Partout aussi des meurtres, des assassinats, de sanglantes représailles.

C’est là l’histoire abrégée des deux Indes, c’est l’histoire du Nouveau-Monde ; n’est-ce pas, je vous le demande, l’histoire de l’ancien ?

Y a-t-il, oubliée encore du reste de l’univers, une toute petite île pour laquelle Dieu n’ait que des regards d’amour ?

Y a-t-il au sein de quelque vaste océan une terre presque imperceptible où l’amitié dresse ses autels, où la liberté professe son culte ?

Qui le sait ?

Nous n’avons plus de continents à découvrir ; mais les mers n’ont pas été si pleinement sillonnées que toute espérance doive s’éteindre.

Oh ! alors que le navigateur passe vite, qu’il se taise à son retour !
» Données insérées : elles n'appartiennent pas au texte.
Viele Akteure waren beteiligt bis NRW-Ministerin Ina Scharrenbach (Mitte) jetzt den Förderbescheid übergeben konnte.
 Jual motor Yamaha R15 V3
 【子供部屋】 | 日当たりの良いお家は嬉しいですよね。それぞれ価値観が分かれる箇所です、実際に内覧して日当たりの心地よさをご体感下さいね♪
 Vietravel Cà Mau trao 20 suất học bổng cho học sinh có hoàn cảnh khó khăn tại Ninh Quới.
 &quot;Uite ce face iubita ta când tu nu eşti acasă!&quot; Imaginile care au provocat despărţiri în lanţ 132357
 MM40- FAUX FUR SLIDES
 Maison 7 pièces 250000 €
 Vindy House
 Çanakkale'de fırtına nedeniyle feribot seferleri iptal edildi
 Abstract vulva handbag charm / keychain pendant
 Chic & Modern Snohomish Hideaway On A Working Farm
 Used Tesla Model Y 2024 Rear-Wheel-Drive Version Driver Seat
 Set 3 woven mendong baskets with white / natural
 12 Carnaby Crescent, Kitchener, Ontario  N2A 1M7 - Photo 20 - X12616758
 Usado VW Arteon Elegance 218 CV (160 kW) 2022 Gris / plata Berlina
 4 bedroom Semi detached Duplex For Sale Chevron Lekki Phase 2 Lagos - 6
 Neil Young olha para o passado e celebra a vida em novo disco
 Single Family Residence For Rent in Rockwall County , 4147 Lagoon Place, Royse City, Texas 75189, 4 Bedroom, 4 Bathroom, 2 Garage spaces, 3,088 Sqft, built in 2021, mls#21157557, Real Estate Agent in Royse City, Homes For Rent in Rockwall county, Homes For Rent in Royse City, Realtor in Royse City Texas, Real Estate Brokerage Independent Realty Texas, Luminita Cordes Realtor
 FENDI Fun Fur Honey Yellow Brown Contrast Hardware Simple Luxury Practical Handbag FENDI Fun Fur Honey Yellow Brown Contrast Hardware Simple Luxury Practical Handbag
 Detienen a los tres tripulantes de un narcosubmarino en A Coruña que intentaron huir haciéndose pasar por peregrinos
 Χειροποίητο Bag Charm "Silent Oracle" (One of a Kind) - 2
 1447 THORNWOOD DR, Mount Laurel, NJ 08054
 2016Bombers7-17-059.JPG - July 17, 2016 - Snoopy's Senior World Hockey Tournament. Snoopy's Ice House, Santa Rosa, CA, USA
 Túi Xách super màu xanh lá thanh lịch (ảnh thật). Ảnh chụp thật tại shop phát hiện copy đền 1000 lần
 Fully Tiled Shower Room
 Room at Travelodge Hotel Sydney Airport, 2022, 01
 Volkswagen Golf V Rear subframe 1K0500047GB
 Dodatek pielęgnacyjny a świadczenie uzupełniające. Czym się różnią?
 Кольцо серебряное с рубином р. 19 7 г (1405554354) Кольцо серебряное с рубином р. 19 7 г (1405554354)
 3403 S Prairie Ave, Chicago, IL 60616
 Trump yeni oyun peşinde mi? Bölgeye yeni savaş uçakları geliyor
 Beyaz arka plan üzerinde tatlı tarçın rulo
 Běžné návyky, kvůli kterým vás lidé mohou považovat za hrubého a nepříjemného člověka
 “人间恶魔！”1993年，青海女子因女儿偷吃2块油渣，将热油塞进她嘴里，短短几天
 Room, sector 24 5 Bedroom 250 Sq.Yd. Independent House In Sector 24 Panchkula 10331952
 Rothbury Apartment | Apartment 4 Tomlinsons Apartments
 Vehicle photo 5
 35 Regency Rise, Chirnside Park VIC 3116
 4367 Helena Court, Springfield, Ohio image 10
Il faut laisser la paix et le bonheur dans la retraite que le ciel leur a donnée. Hélas ! les Carolines, quelque peu riches qu’elles soient, ne tarderont pas à subir les destinées des archipels qui les entourent. On a si bien fait jusqu’à présent que le flambeau de la civilisation n’est plus qu’une torche incendiaire.

  1. Cette date est contestée et portée par quelques auteurs à 1497.